What do you wish you knew THEN that you know NOW?

I think about this a lot.  I have discussed with a few colleagues on how to bring down knowledge 10 years.  I have drawn circles within circles, my picture of generational knowledge and have pondered how to bring the knowledge down 2 or 3 generations.  Michael Hyatt did the poll below and found some key things to know NOW.  I love it.  I will keep thinking of my idea (probably some type of mentoring), but really want to NOT make the same mistakes that others have made.  That is one of my things :).  Mistakes (or failures) are ok to make because that means we are growing, we just don’t want to make them over again (and really not 3 times).  Anyway, this is a great blog post from Michael Hyatt and I wanted to log it for myself.

From Michael Hyatt – What do you wish you knew then that you know now?

As I turned the corner from my 20s and entered into my 30s I
realized how much I thought I knew, when in reality I knew nothing. I began to
find myself as the fool repeating his folly in so many leadership decisions I
was making.

It was a humbling realization to say the least, but I would not be defeated.

Rather than accept the fact that folly was inevitable, I spent
the past twelve months polling fifteen respectable men I admire—men that have
lived lives of integrity, men who are faithful husbands, and have been deemed
successful in their chosen vocation.

The list of men I asked included President’s of Nationally known
Ministries and Corporations, Authors of best-selling books, CEOs, CFOs, a
Division 1 basketball coach, and even a man listed on the Forbes 400.

Many of these conversations were face-to-face, while a few were
correspondence via e-mail. Listing their names is not nearly as important as
listing their responses.

The question I asked these fifteen men was this, “What are three
things you know now that you wish you knew when you were thirty?”

I was hoping that these men would share the folly they had
experienced as leaders and in life, so that I might not repeat their mistakes.

The forty-five responses I received from these men were packed
with wisdom, humility, and truth that struck me to the core. I printed them
out, laminated them, and placed in my office where they serve as a daily
reminder and encouragement to lead well in all areas of my life.

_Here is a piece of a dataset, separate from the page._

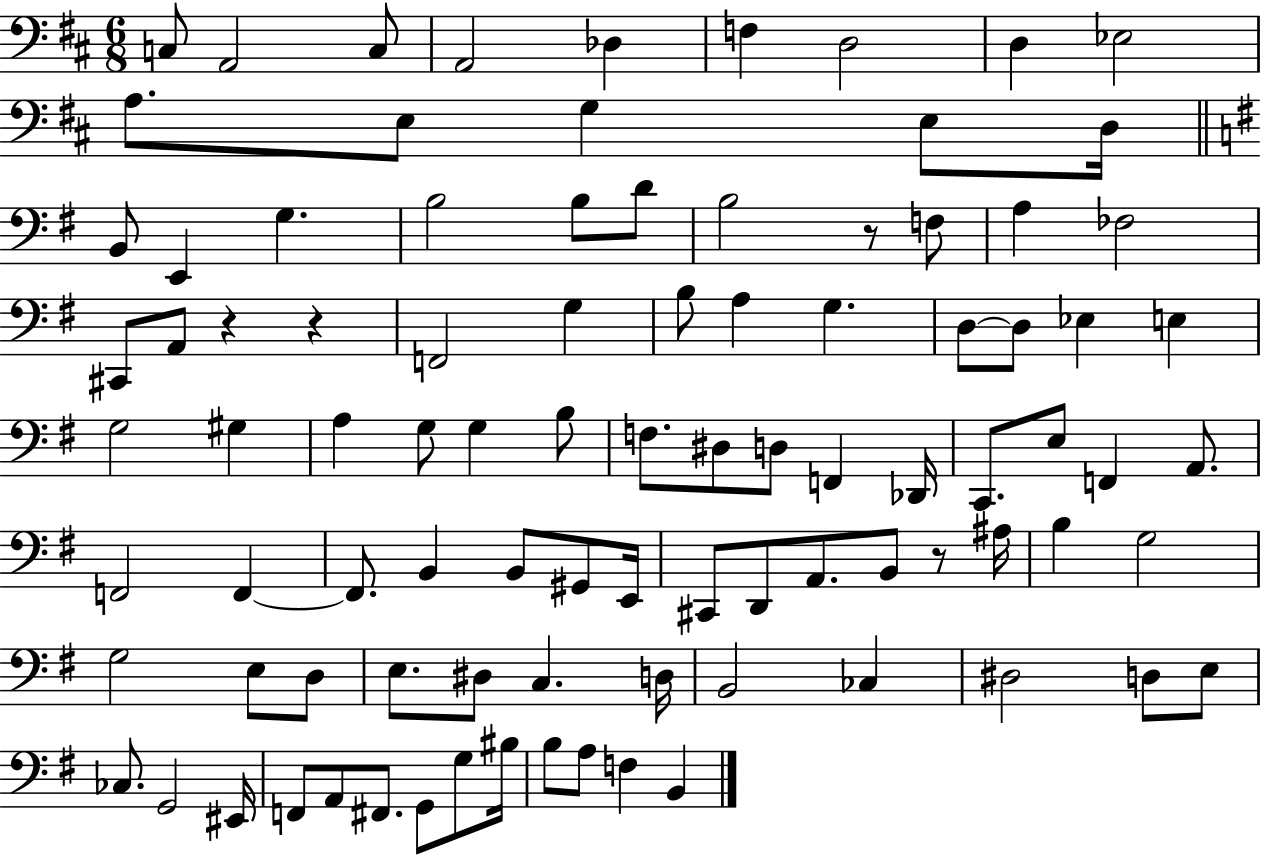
C3/e A2/h C3/e A2/h Db3/q F3/q D3/h D3/q Eb3/h A3/e. E3/e G3/q E3/e D3/s B2/e E2/q G3/q. B3/h B3/e D4/e B3/h R/e F3/e A3/q FES3/h C#2/e A2/e R/q R/q F2/h G3/q B3/e A3/q G3/q. D3/e D3/e Eb3/q E3/q G3/h G#3/q A3/q G3/e G3/q B3/e F3/e. D#3/e D3/e F2/q Db2/s C2/e. E3/e F2/q A2/e. F2/h F2/q F2/e. B2/q B2/e G#2/e E2/s C#2/e D2/e A2/e. B2/e R/e A#3/s B3/q G3/h G3/h E3/e D3/e E3/e. D#3/e C3/q. D3/s B2/h CES3/q D#3/h D3/e E3/e CES3/e. G2/h EIS2/s F2/e A2/e F#2/e. G2/e G3/e BIS3/s B3/e A3/e F3/q B2/q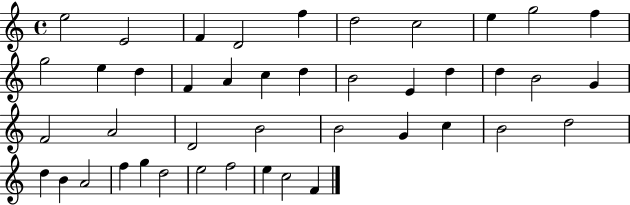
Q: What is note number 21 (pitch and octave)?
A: D5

Learning from the mistakes of others will help me avoid my own
mistakes and, therefore, be less likely to be “a fool who repeats his folly.” I
took the list of forty-five responses and reduced it down to the top fifteen.
Some of the men had similar answers, so I took one answer from each leader, so that
the list was not repetitive.

  1. The most important person you can lead is yourself.
  2. Nothing is more valuable than relationships.
  3. Maximize the moments with your children.
  4. Listen—you will never find the pulse of your family or
    organization if you don’t learn to listen.
  5. Worrying is temporary atheism. Rid yourself of worry.
  6. Become a better steward of your financial resources
    through investments and wise decision-making. The older you get the more
    you’ll want to give away, being able to do so begins with the financial
    decisions you make today.
  7. Balance—the words “No” and “Not now” are empowering
    when accompanied with wisdom.
  8. Spend time reading and receiving the Truth every
    morning, because the world will only lie to you the rest of the day.
  9. Saying “I’m sorry,” when spoken from a genuine heart,
    has great healing power.
  10. Character should always trump talent.
  11. Retreat and Rest—if ships don’t come back to the
    harbor, they’ll eventually sink.
  12. Don’t stop learning—you’re not as smart as you think.
  13. Learn to value patience. You’re likely to learn more
    while you wait.
  14. Time management—without it time will control you.
  15. Develop authentic and deep relationships with men who
    will sharpen you and see through you.

I hope that for any of us that aspire to be great leaders, we
can look at this list that was compiled by men in their 50s, 60s, 70s, and even
80s, and learn from their lives well-lived. May we heed their wisdom as to
prevent folly in our endeavors to become better spouses, parents, and leaders.